"House of Cards" für Arme - Betrachtungen zu einem viel zu langen Bundespräsidenten-Wahlkampf

Wir haben es also endlich hinter uns gebracht. Nach gefühlten 100 Jahren Wahlkampf zum Amt des Bundespräsidenten sind die Abschlussveranstaltungen gefeiert, die Medienkonfrontationen geschlagen und der nachdenkliche Staatsbürger bleibt frustriert/erschrocken zurück.

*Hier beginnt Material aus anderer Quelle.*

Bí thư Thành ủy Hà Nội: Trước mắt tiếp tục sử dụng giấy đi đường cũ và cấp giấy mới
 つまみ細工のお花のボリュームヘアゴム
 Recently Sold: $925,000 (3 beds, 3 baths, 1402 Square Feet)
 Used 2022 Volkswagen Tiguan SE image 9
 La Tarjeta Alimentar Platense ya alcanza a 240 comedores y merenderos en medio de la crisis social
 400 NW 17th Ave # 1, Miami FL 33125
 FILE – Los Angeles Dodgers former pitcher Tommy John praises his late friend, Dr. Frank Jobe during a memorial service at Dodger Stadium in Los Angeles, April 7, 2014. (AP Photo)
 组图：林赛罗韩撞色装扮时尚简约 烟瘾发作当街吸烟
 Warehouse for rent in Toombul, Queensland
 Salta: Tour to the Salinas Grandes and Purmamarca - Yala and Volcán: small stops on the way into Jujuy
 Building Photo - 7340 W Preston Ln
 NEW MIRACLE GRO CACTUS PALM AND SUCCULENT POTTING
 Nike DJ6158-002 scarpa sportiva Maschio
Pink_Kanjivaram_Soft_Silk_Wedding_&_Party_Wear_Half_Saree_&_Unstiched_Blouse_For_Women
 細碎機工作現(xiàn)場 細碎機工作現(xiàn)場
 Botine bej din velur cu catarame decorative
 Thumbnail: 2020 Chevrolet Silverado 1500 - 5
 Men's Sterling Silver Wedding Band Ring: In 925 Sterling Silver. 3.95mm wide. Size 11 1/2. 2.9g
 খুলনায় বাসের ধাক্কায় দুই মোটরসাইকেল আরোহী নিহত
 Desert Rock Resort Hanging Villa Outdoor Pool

Wie kann es angesichts zweier so durchschnittlicher Kandidaten in unserem Land zu einer solchen Polarisierung kommen? Wie kann man Seitens der Medien(und natürlich im Hintergrund sicher auch der politischen Parteien) diesen Wahlkampf zu einer Auseinandersetzung zwischen Licht und Dunkel, Gut und Böse hochstilisieren? Woher kommt diese permanente Lust am Daherschreiben eines neuen NS-Regimes? Wer die Wortmeldungen und Konfrontationen der beiden Restkandidaten mitverfolgte, der muß zwangsläufig erkannt haben, dass es sich bei beiden, Van der Bellen und Hofer, nicht um unabhängige überparteiliche Bewerber handelte. Beide sind klare Proponenten ihrer politischen Parteiheimaten und Ideologien, und versuchen mehr(Van der Bellen) oder weniger(Hofer) den Wählern vorzugaukeln, dass dies nicht so ist.

Es ging über die ganze Strecke dabei nicht um ein Duell "elder statesman" vs. Rechtspopulist. Was man bei diesem Wahlkampf klar erkennen und verstehen lernen konnte war, wie man auf der "hellen" Seite der Politik/Meinung so tickt. Ich habe in meinem ganzen Leben als wählender Staatsbürger noch niemand sich so verstellen sehen, wie es VdB getan hat. Das permanente und immer umfassendere Buhlen um nur jede mögliche Wählerstimme ("Jagdgewehre sind keine Waffen", "vielleicht trete ich wieder der katholischen Kirche bei";) war zu Ende wirklich nur mehr ungustig und auch die Person VdB´s beschädigend.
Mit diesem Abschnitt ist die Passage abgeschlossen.